Google Analytics provides you with 13 default segments in their Advanced Segment feature. These segments are pretty good and they do tick a few of the boxes for the segments you would use most regularly. But for me, they aren’t enough, there are more segments that are relevant to every website which need be added to your toolkit.
Below is a list of segments that I have set up within my GA login that I use with all clients. Some will work for every website while others require some customisation to make appropriate to you. And I admit freely there are many more “standard” segments that could be created, I did try and restrict this to the more common ones.
Note all segments start with a . to ensure they are listed at the top of the Custom Segments list. When creating custom segments, I do recommend being careful with your naming convention so it is easy to rediscover useful segments. And if anyone at Google is listening, please change the default setting to save a custom segment in this profile only, not in all profiles.
These are based on the new dimension of Device Category (I am assuming that it is fairly accurate). I am considering splitting Desktop by operating system (Windows, Macintosh and Other) but haven’t reached that stage yet.
These are the four key browsers, you could add Opera, etc plus you could get more granular with segments for each Browser version (particularly useful for IE versions).

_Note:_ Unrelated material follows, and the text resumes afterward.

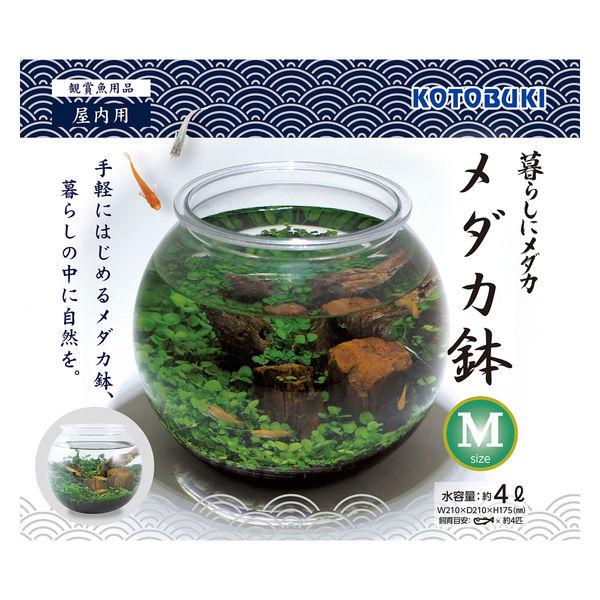 Kotobuki Crafts 青鱂青鱂生活壺 M 約。 4L 1 件壽觀賞魚工藝品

The default segments provided by Google already include Organic Search, Paid Search, Direct and Referral. These additional segments rely on campaign tracking having been implemented with a standard naming convention – although Social Media should work as is. Again it is easy to extend for more channels or to get more granular e.g. each social media network.
I have recently started using a simple segmentation of Domestic and International for websites based in a single country. These segments here are for the UK but could easily be modified for any other country. Plus you can create a segment for each of your key countries as I have done for the US.
These segments depend on your page naming convention. The homepage one should work for most websites (as long as the homepage name is either /, /homepage or starts with /index). The other two are examples, one for a retail website, one for any website containing a blog. I would recommend setting up these segments for all key page types within your website.
As an example, for a retail website, I would use entry points of Homepage, Category pages, Product List pages, Product pages & Other (potentially adding Search Results pages, Basket page, Blog pages, etc).
If you aren’t aware, you can sometimes get fake traffic being recorded within your Google Analytics data. The first relates to bots crawling your website or something, I have never discovered exactly what. The second is when the Safari Top Sites feature views your website to grab an image.
If you want to know if either issue is affecting you, apply the first two segments to your data. If you are getting traffic from bots, you can exclude them from your profiles using a profile filter, although this will only impact traffic going forward. Use the 3rd segment to view historical data.
There are some blog posts recommending how to eliminate the issue caused by Safari Top Sites. Please let me know if you have a solution which works. Unfortunately a segment that allows you to view clean historical data cannot be created within GA.
Anyone want to suggest some more standard GA segments? Just remember they should be applicable to any website, not just a really cool segment that is incredibly useful to you.